In Romans 13, Paul warns his flock to obey the rulers over them, saying, “But if you do evil, be afraid; for he does not bear the sword in vain . . .”
These days, “the sword” of the government is usually jail time or fines or community service, and only occasionally the death penalty. But in the Regency, it was different.
Criminals were still sent to prisons then. But in the Regency, prisons weren’t nearly as regulated as they are now. Some prisons didn’t provide enough of food or other necessities for the prisoners. Some were workhouses. Worst of all, some were “hulks”: old ships moored in the Thames, where hundreds of men were locked below deck, in the dark, doomed to fight and starve and probably die long before they were granted the dubious opportunity of transportation to the colonies.

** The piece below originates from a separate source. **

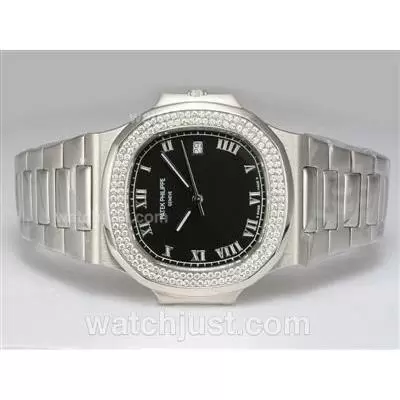 Patek Philippe Nautilus Jumbo Mbw Automatic Movement Diamond Bezel With Black Dial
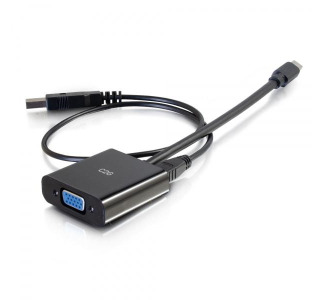 8in Mini DisplayPort™ Male to VGA + Audio Female Active Adapter Converter - Black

And it wasn’t just men in the prisons or hulks: children convicted of crimes were sent there, too. While men and women were generally separated in prison, adults and children were not. You can just imagine the fate of those children.
If you weren’t sent to prison, you might be sent off to the colonies, on the theory that if you couldn’t commit any more crimes in England if . . . well, if you weren’t in England anymore.
But perhaps the biggest difference between the way our government punishes crime and the way crime was punished by the government of Regency England was the death penalty. We still have it, yes, but it’s rarely used, and generally only for very serious and violent crimes. Moreover, these days, attempts are made to administer it humanely. But in the Regency, not only were hundreds of crimes were punishable by death, if you were sentenced to death, you were going to die publicly and probably not painlessly, by hanging.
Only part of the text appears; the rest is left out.